Craig was postponing his decision to the last. "They must know you're somewhere in here. If the radioactivity keeps them out, why shouldn't they put a cordon around the entire old city?"

"Periodically, they try. But there are many, many other ways of leaving here than by the surface. Underground water conduits, ancient power and sewer lines, a number of tunnels we have dug...."

Craig was solemnly handed the wallet.

"If you will submit to sufficient plastic surgery to make you resemble this man, you may safely leave here no later than tomorrow night."

A long silence ensued. It was interrupted by a noise from outside the door of the room. It was the voice of Phil.

"Has he decided to stay? Did you see him? He looks like my daddy did.... Will he stay?"

"You mustn't interrupt, son. They're in conference now. We'll let you know."

"Tell him yes!" said Craig in a loud voice. "Tell him hell, yes, I'm staying!"

The men gathered around him to congratulate him on the decision.

Phil was allowed in the clinic to join them.

"Oh, Cocteau, one more thing," Craig said.

"Yes?"

Craig was fumbling for his own wallet.
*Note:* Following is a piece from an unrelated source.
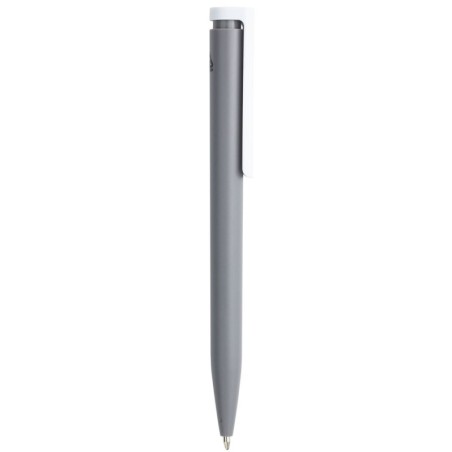 GREY BALLPOINT PEN GENIUS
He extracted a folded card.

"Where would East 71, North 101, Number 4 be?"

"It would have been somewhere here in Old City."

"God! How did the old guy expect me to deliver this message? Old man named Brockman. He sent me a message just before he died in Gravitation. I was to visit his wife."

"Brockman?" asked Cocteau. "You mean Ethel Brockman?"

"Yeah. How'd you know?"

"Ethel Brockman was one of the organizers of the Liberty party. She served as its chairman until her death only a few years ago. Her husband must have felt your 'sea legs' would lead you to us eventually. And, of course, they did."